No. The 2000 & 2016 elections—along with 3 others since 1824—saw a person
elected despite the majority of voters who cast ballots voting _against_ that
individual—52% voted against Bush, 54% voted against Trump. Both elections saw
the US _electing someone against whom the actual majority of voters voted_.

The compact is essentially an agreement to make presidential elections match
up with the person who secures the most votes nationwide, which sure seems to
be _far closer_ to a democratic election than the indirect EC system which
has, twice in recent memory, awarded the presidency _against_ the wishes of
the majority of voters who cast votes. No more playing the EC game—you either
win the election with the most votes cast, or you don't win. The only other
options would be far heavier overhauls of the voting system—ditching SMDP, and
implementing a two-round system whereby we eventually end up with one person
who gets >50% of the vote.

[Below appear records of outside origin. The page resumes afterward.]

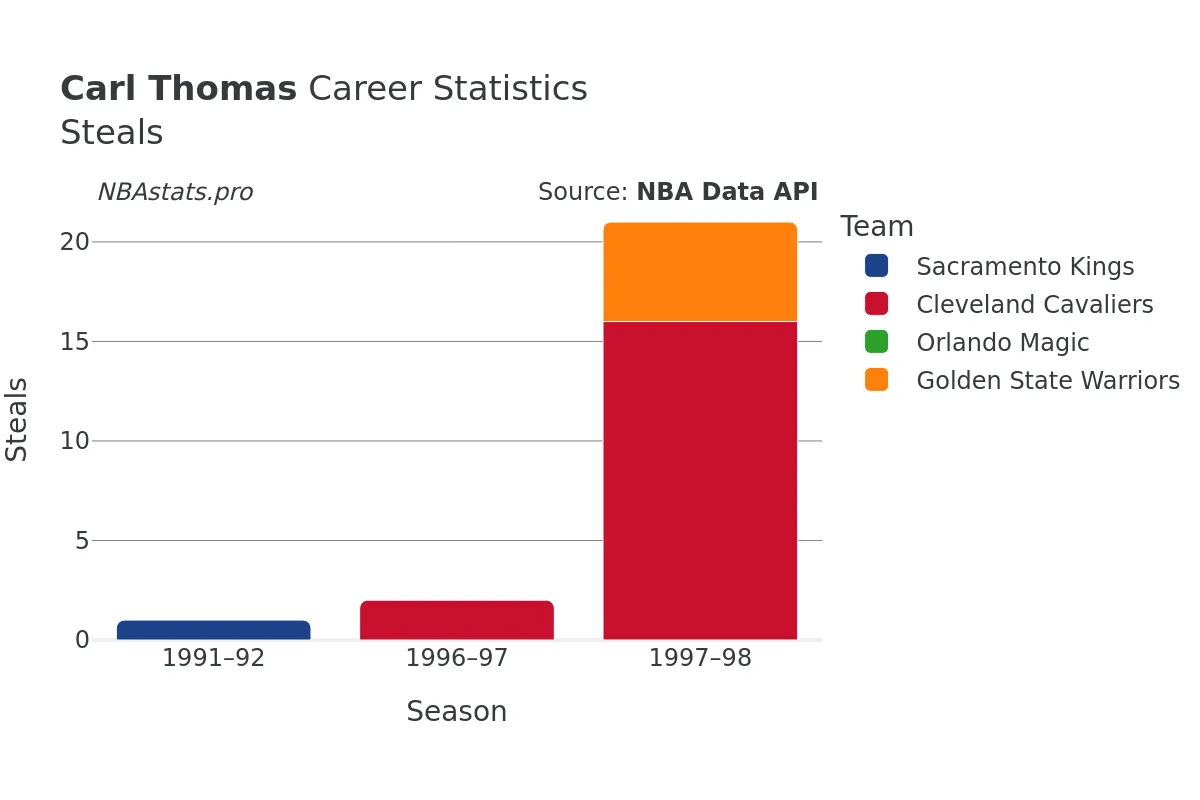 Carl Thomas Steals Career Chart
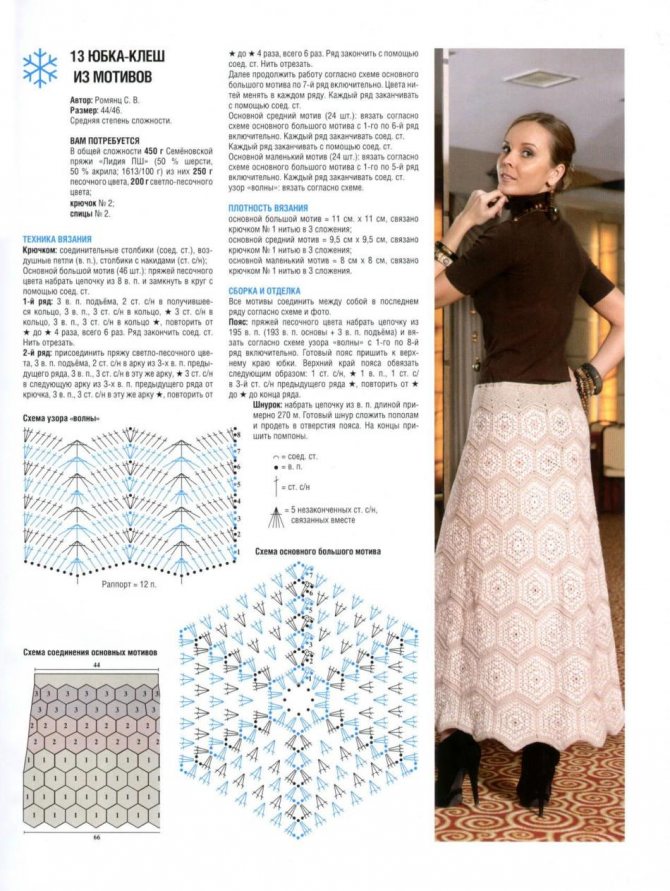 Юбки годе на женщин: схема, описание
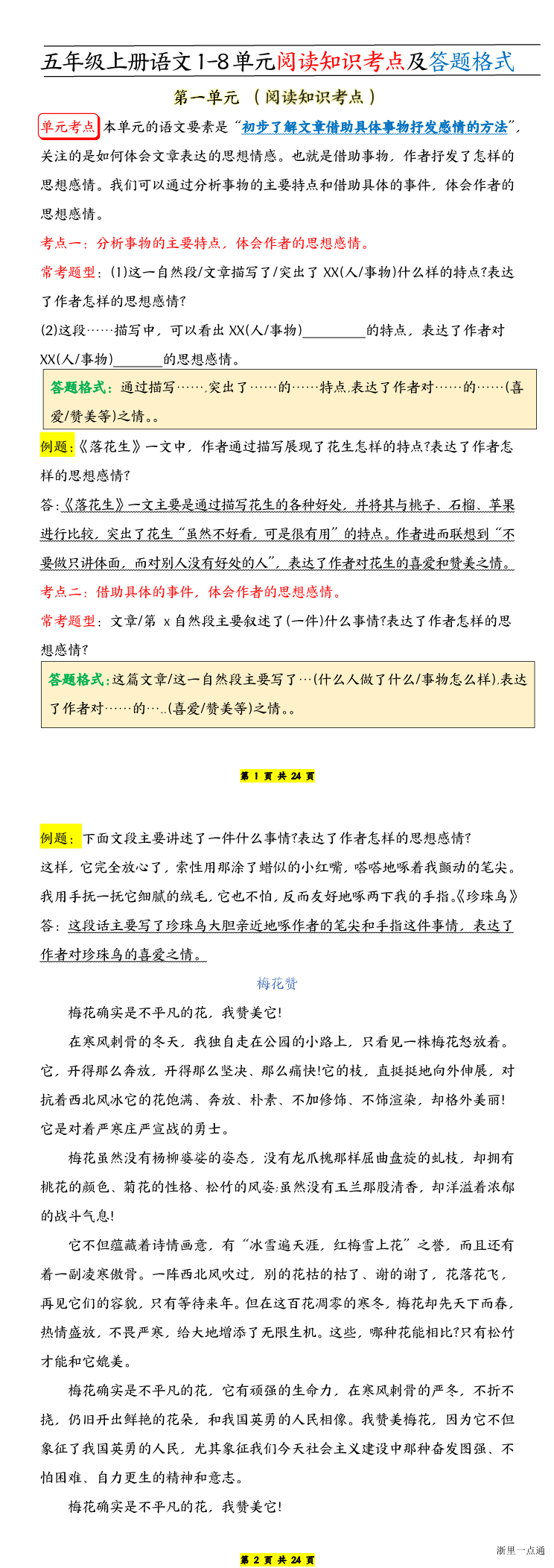 缩略图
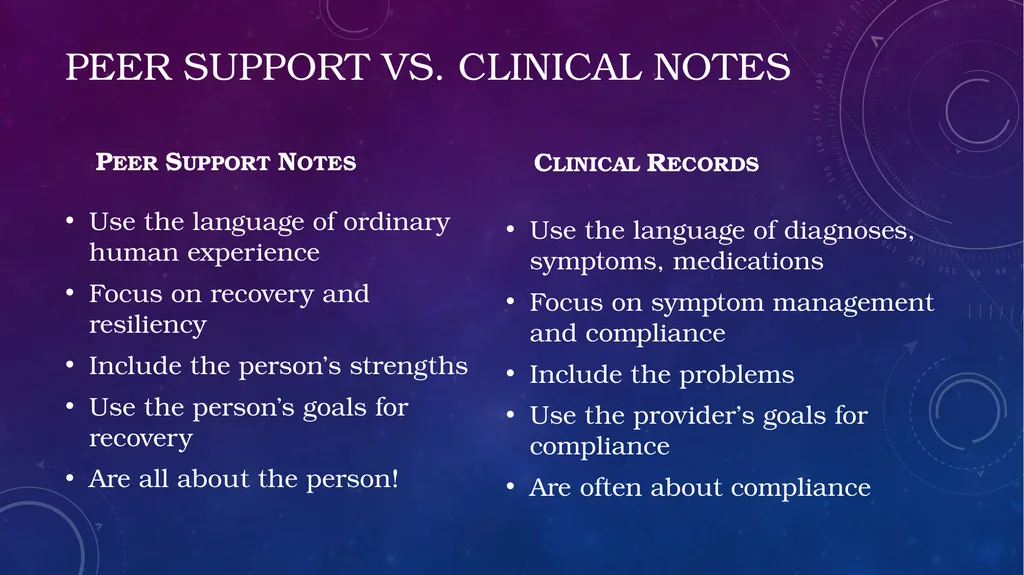 Documenting Peer Support following Medicaid rules - slide 3 of 33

That's unlikely to ever happen, as it would rely on
a constitutional amendment, so the compact is leveraging the power states have
to determine how they award their electoral votes—awarding them based on who
secures the most votes nationwide so the elected president _always matches the
popular vote_. Again, since US national elections already rely on getting the
_most_ votes, and not a _true >50% majority_ of votes cast, this is likely the
closest the US can get to a purely democratic presidential election without an
amendment that removes the EC entirely and establishes a TRS election in its
place to ensure there is always an undeniable _majority_ winner.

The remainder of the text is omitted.